The IOHProfiler ModCMA Benchmark

Task: control the step size or algorithm components of CMA-ES on BBOB functions
Cost: negative objective value
Number of hyperparameters to control: either one float or up to 11 categoricals
State Information: generation size, step size, remaining budget, function ID, instance ID
Noise Level: fairly large, depends on target function
Instance space: the BBOB functions with ids, starting point and starting sigma as well as population size

This benchmark is based on the IOHProfiler implementation of CMA-ES and enables both step size cool and algorithm component selection on the BBOB function set.

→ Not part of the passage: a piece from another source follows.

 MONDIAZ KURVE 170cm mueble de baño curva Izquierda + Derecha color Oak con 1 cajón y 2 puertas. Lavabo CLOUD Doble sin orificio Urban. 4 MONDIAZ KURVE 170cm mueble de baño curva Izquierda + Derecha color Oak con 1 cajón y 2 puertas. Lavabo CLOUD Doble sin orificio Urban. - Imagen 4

The components of the algorithm that can be selected or changed are: sequential execution, active update, elitism, orthogonal sampling, convergence threshold enabled, step size adaption scheme, mirrored sampling, the base sampler, weight option, local restarts and bound correction. The goal in the optimization is to find the global function minimum before the cutoff, so the cost is defined as the current negativ objective value.

Both versions of this benchmark are challenging due to the large instance space, but the algorithm component control adds another layer of difficulty through its many configuration options. It is an advanced benchmark that should likely not be the starting point for the development of DAC methods.

class dacbench.benchmarks.modcma_benchmark.ModCMABenchmark(config_path: Optional[str] = None, step_size=False, config=None)

Bases: AbstractBenchmark

get_environment()

Make benchmark environment

Returns: env – Benchmark environment
Return type: gym.Env

class dacbench.envs.modcma.ModCMAEnv(config)

Bases: AbstractEnv

close()

Override close in your subclass to perform any necessary cleanup.

Environments will automatically close() themselves when garbage collected or when the program exits.

reset()

Reset environment

Returns: Environment state
Return type: state

step(action)

Execute environment step

Parameters

action – Action to take

Returns

state – Environment state
reward – Environment reward
done (bool) – Run finished flag
info (dict) – Additional metainfo